Rebecca Jones Gastons is the new commissioner for the Administration for Children’s Services Tuesday, Mayor Zohran Mamdani announced Tuesday.
Jones Gaston served as commissioner of the Administration for Children, Youth and Families in President Joe Biden’s Department of Health and Human Services and before that as the child welfare director for Oregon’s Department of Human Services. She is a social worker by training.
In a statement, Mamdani said Jones Gaston “has dedicated her career to building smarter, stronger systems that keep children safe and families together.”
Jones Gaston, who is Black, has spoken publicly in the past about being placed into foster care at birth before being raised and adopted by a white family in Iowa. The website for her consulting group refers to her as having been “born into the system.”

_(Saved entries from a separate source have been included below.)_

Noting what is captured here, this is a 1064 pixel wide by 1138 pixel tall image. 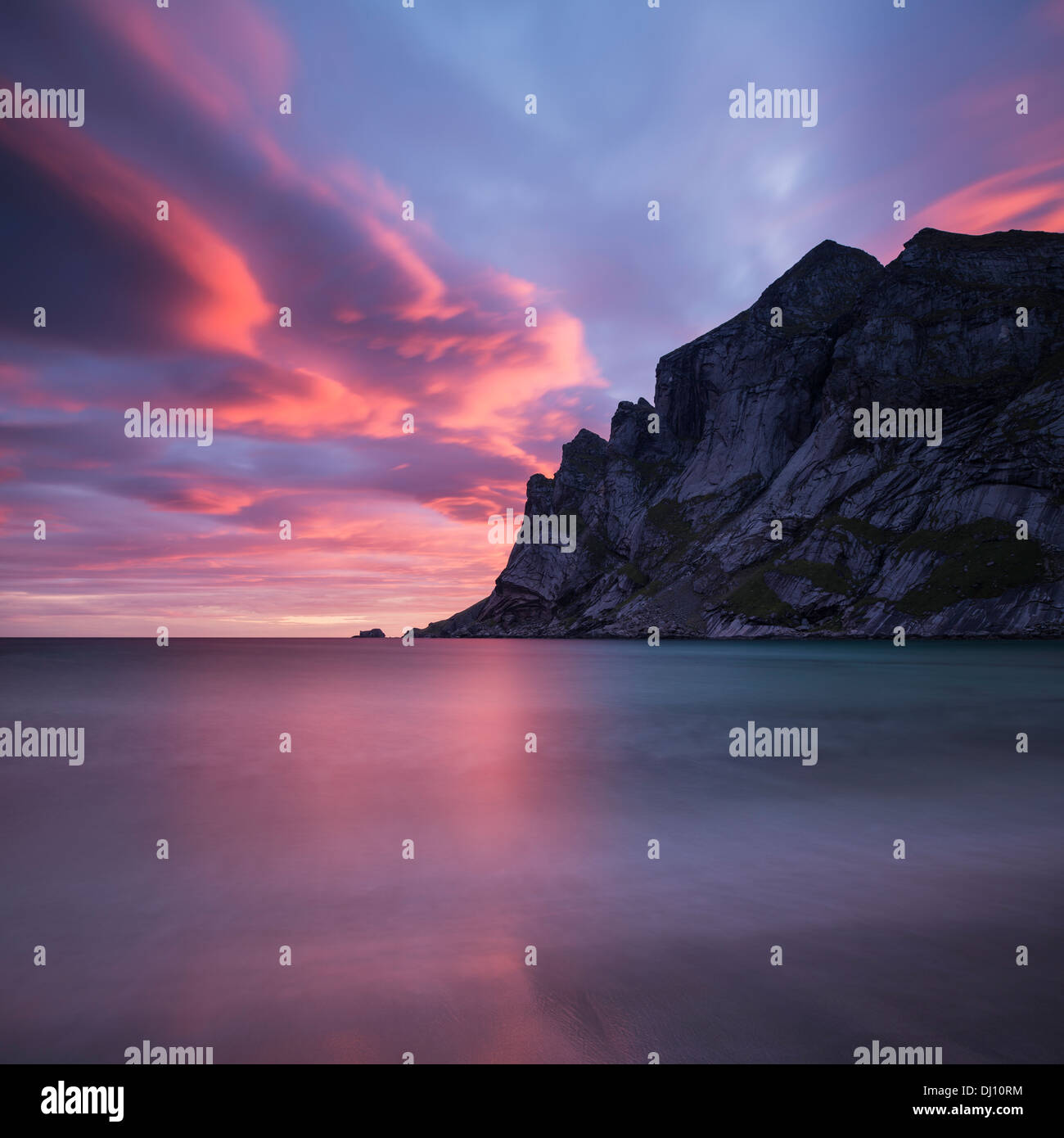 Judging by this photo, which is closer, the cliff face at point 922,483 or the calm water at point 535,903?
the calm water at point 535,903

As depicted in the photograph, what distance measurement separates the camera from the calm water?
6.15 meters

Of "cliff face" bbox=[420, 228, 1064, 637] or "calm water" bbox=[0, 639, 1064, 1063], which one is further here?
"cliff face" bbox=[420, 228, 1064, 637]

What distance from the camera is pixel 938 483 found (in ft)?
504

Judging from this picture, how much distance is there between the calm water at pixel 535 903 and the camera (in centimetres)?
615

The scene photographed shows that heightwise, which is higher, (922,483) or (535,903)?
(922,483)

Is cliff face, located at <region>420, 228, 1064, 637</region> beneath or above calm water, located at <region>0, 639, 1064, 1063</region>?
above

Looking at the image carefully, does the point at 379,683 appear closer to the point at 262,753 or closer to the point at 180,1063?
the point at 262,753

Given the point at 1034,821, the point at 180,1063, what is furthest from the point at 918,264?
the point at 180,1063

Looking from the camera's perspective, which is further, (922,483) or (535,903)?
(922,483)

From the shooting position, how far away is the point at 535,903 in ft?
30.7

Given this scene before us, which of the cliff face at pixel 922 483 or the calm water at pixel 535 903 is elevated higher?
the cliff face at pixel 922 483

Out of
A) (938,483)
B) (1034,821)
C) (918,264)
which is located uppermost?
(918,264) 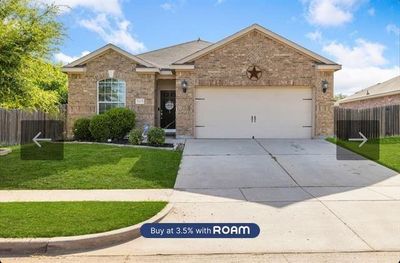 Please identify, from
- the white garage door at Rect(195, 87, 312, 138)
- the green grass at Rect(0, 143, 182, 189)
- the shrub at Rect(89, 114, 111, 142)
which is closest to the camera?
the green grass at Rect(0, 143, 182, 189)

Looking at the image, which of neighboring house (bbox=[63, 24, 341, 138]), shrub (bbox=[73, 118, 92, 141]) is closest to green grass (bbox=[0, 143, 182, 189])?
shrub (bbox=[73, 118, 92, 141])

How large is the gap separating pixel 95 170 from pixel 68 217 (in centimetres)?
401

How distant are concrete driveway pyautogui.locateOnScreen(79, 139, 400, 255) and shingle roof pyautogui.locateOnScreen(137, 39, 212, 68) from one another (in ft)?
22.7

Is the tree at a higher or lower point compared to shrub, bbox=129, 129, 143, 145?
higher

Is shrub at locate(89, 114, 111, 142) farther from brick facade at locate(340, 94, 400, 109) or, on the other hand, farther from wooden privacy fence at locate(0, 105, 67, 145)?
brick facade at locate(340, 94, 400, 109)

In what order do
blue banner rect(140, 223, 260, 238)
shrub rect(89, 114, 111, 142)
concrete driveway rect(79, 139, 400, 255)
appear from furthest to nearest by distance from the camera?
shrub rect(89, 114, 111, 142), blue banner rect(140, 223, 260, 238), concrete driveway rect(79, 139, 400, 255)

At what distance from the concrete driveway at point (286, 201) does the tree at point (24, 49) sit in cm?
504

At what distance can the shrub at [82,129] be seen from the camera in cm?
1567

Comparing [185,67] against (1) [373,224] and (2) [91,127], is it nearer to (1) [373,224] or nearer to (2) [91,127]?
(2) [91,127]

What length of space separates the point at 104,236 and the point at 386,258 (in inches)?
147

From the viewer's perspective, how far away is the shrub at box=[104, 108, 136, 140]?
1523 centimetres

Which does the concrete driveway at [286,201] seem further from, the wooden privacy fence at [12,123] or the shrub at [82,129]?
the wooden privacy fence at [12,123]

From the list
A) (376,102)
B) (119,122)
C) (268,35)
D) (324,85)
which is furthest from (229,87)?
(376,102)

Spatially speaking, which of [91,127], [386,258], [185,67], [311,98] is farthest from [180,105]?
[386,258]
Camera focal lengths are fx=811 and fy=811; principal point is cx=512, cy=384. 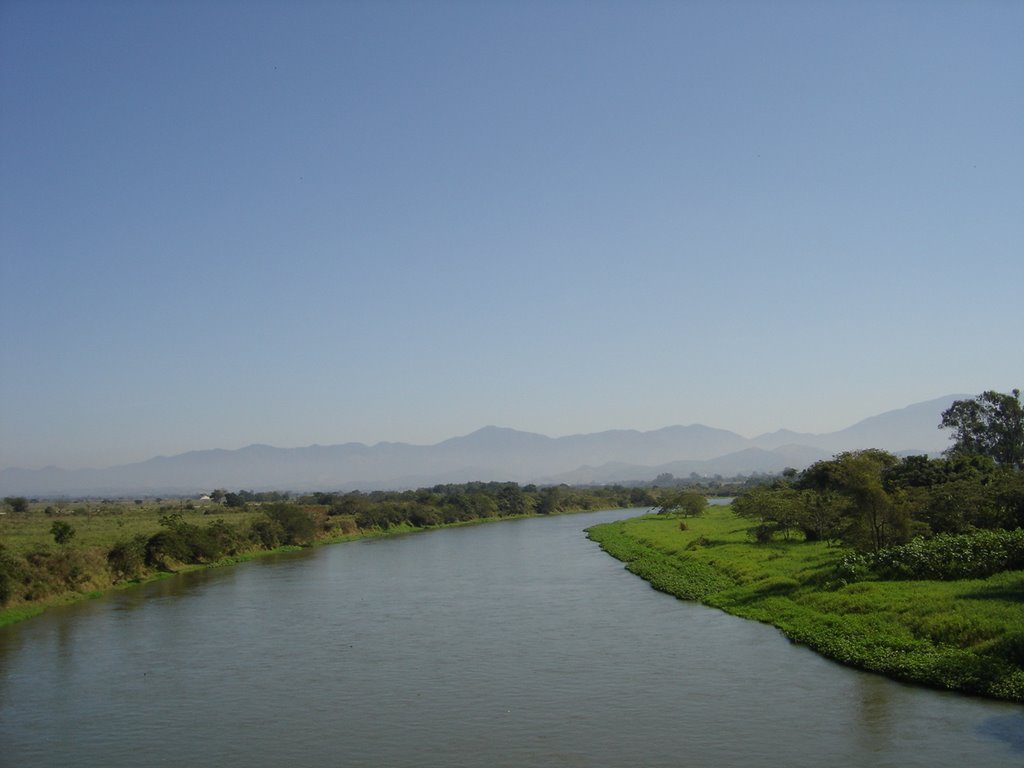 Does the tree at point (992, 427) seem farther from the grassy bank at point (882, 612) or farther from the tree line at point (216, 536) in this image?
the tree line at point (216, 536)

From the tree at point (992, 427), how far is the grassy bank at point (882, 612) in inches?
1889

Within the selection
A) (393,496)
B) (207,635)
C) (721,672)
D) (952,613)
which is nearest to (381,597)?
(207,635)

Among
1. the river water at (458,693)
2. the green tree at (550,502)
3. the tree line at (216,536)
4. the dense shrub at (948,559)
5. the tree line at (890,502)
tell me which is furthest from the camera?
the green tree at (550,502)

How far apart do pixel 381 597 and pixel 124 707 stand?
760 inches

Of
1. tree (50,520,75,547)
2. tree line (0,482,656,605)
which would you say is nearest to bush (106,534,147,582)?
tree line (0,482,656,605)

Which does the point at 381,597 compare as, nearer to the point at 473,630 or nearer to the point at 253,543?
the point at 473,630

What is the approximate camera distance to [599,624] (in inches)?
1221

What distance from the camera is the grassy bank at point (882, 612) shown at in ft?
66.1

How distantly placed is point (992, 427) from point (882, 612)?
67742 millimetres

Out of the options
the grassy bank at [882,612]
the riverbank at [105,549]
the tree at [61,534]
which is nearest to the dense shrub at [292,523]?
the riverbank at [105,549]

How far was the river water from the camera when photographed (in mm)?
17250

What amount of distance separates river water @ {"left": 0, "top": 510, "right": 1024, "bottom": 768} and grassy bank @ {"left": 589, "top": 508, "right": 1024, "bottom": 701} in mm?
793

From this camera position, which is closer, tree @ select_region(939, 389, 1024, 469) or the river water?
the river water

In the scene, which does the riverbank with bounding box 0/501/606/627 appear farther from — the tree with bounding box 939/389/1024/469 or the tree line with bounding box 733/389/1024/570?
the tree with bounding box 939/389/1024/469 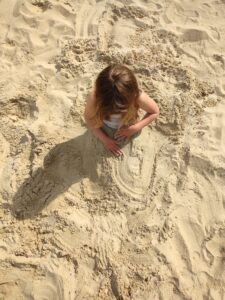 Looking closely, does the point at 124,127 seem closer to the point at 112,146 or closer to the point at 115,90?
the point at 112,146

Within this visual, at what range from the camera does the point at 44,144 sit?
272 centimetres

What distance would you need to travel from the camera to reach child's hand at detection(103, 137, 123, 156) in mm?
2584

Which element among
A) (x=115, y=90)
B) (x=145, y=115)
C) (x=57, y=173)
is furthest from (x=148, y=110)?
(x=57, y=173)

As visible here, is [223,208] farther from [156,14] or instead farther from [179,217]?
[156,14]

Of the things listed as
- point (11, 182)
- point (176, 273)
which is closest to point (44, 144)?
point (11, 182)

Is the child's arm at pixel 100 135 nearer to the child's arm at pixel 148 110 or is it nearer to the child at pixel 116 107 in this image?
the child at pixel 116 107

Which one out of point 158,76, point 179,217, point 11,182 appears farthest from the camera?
point 158,76

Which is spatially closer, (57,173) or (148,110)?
(148,110)

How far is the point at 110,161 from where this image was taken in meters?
2.63

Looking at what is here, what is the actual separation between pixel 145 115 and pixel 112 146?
30 centimetres

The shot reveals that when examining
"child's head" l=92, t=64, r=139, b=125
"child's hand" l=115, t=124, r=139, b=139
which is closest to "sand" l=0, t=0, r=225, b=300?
"child's hand" l=115, t=124, r=139, b=139

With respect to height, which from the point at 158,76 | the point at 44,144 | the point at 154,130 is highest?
the point at 158,76

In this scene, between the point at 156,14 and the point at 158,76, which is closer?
the point at 158,76

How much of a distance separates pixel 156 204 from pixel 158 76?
0.99m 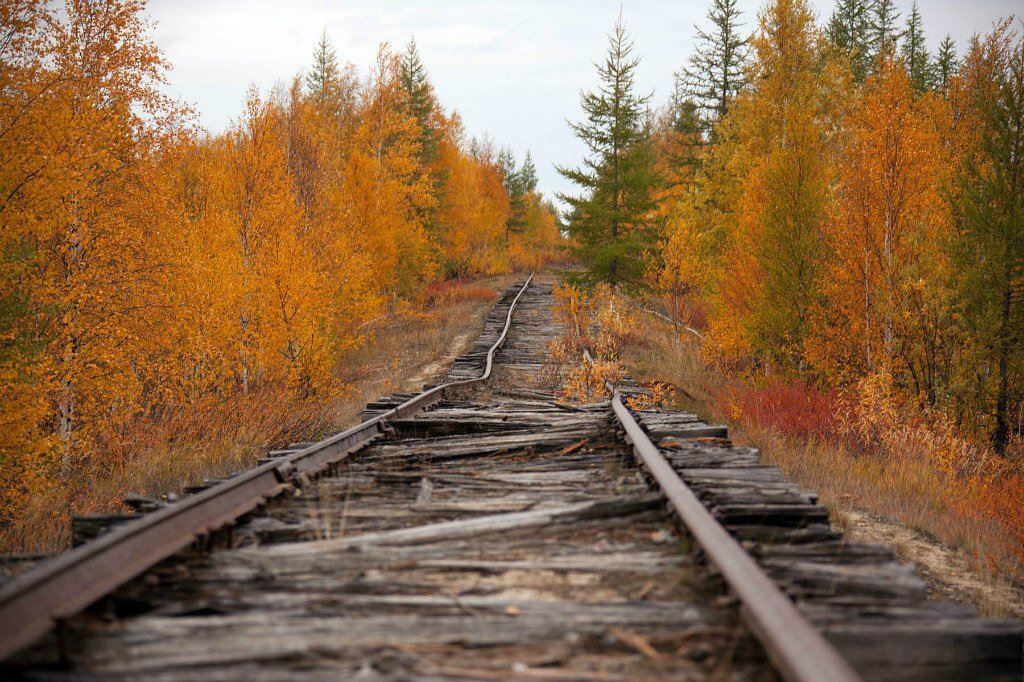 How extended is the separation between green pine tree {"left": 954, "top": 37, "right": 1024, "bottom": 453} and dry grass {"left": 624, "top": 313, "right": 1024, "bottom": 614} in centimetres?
273

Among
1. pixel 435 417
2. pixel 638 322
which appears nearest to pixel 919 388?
pixel 638 322

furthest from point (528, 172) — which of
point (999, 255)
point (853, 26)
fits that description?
point (999, 255)

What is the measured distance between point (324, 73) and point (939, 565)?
129 feet

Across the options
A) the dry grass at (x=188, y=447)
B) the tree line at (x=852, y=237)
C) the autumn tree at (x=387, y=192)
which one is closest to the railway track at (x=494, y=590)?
the dry grass at (x=188, y=447)

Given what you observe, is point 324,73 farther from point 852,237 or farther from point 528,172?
point 852,237

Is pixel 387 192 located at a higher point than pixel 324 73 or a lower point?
lower

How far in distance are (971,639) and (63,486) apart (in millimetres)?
8104

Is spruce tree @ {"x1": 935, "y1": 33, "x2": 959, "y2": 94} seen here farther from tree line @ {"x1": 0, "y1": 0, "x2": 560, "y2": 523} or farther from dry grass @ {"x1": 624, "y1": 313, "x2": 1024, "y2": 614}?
tree line @ {"x1": 0, "y1": 0, "x2": 560, "y2": 523}

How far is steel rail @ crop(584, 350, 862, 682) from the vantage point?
1482 mm

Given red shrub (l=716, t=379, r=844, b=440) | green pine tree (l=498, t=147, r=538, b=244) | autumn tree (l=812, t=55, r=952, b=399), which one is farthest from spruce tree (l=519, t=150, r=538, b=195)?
red shrub (l=716, t=379, r=844, b=440)

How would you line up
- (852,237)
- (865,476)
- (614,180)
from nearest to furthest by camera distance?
1. (865,476)
2. (852,237)
3. (614,180)

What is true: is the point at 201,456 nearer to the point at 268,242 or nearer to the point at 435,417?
the point at 435,417

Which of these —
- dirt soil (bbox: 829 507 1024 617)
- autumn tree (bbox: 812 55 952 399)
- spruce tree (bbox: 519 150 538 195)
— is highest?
spruce tree (bbox: 519 150 538 195)

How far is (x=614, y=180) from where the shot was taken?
18.9 metres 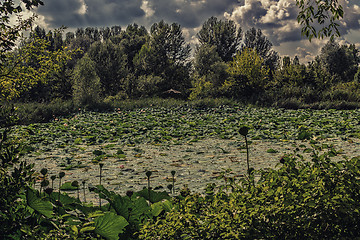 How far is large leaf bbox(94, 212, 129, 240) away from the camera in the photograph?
1.68 metres

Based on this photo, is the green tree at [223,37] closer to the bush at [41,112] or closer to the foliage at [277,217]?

Jones Gaston called her appointment “our opportunity to move beyond managing crisis and instead invest in prevention, trust and strengthen families, and ensure every family and child has a real pathway to stability, belonging, and opportunity.”
The new commissioner has in the past described her upbringing as an inspiration.
“I knew early on that I wanted to work with kids and families who had had similar experiences as ours,” she said in a panel discussion in 2023, four years after stepping down as executive director of Maryland’s Social Services Administration, where she reduced the number of out-of-state foster placements by 75% in less than four years.
Jones Gaston’s appointment came about a month after Mamdani’s top two choices for the agency’s top post fell through: Michelle Burrell, the project director for Legal Services NYC’s Queens office, removed herself from the shortlist. Meanwhile, Angela Burton — a law professor, advocate and self-described abolitionist dedicated to dismantling the agency she was being considered to lead — did not advance after media outlets reported concerns about her views from within ACS.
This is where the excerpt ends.